▶ Dataset section:
_ _ _ _ _ _ _

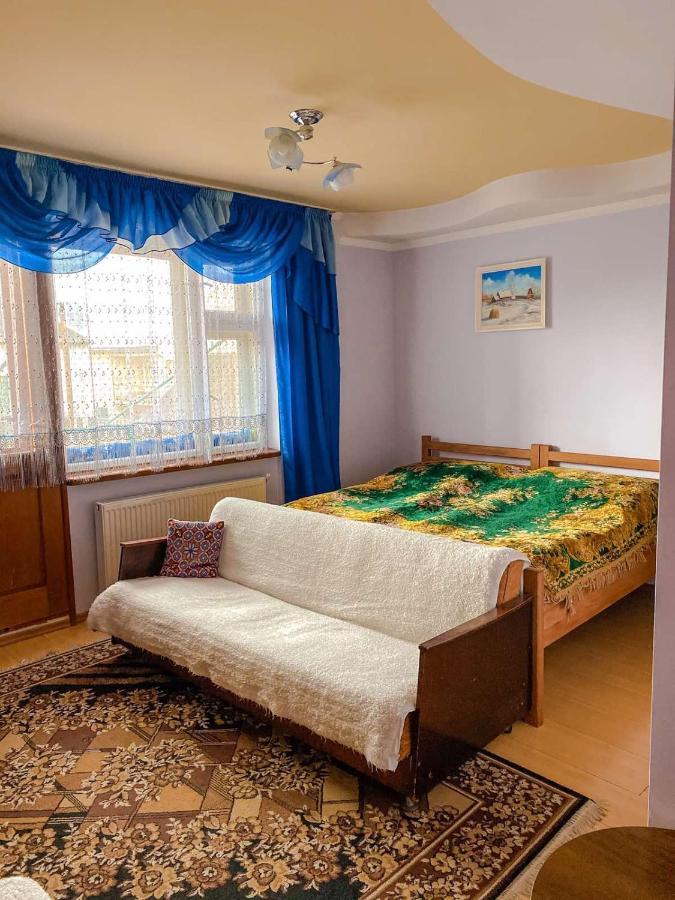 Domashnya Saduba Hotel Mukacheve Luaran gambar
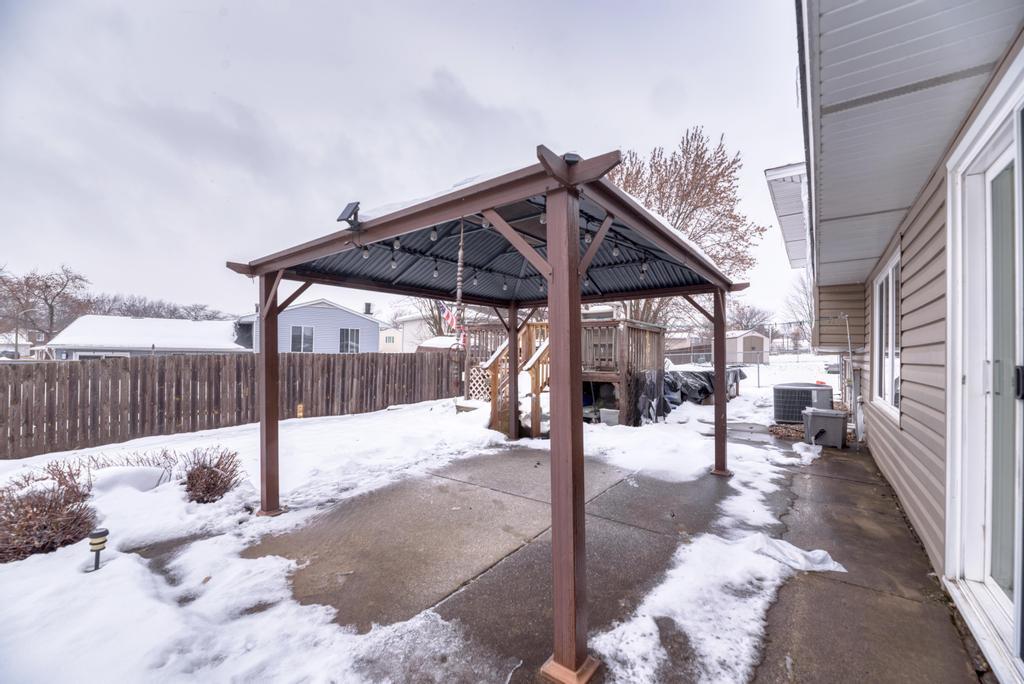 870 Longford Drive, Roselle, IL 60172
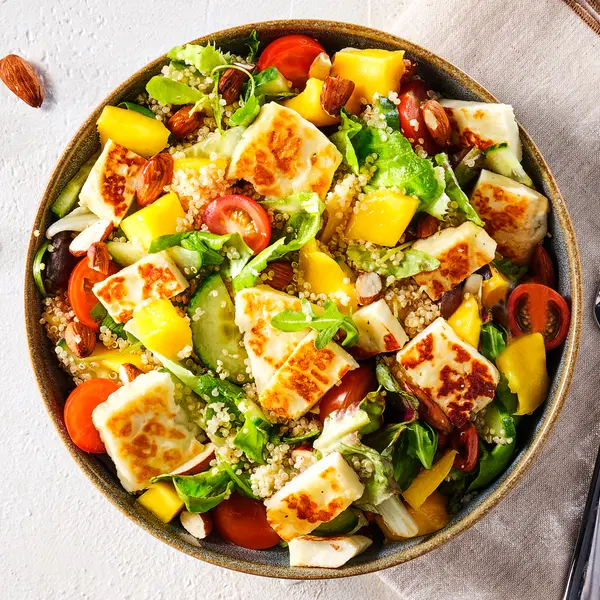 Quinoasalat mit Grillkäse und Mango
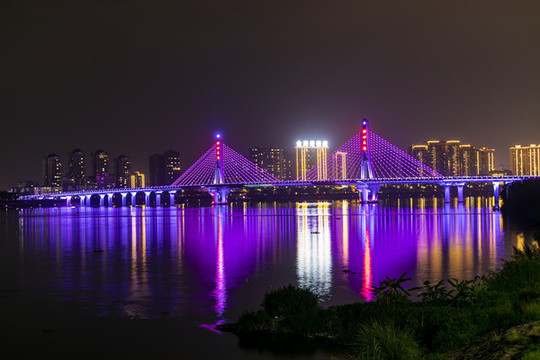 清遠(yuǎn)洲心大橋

_ _ _ _ _ _ _

▶ Your task: Print the material word for word without images.

▶ Answer section:
 Domashnya Saduba Hotel Mukacheve Luaran gambar
 870 Longford Drive, Roselle, IL 60172
 Quinoasalat mit Grillkäse und Mango
 清遠(yuǎn)洲心大橋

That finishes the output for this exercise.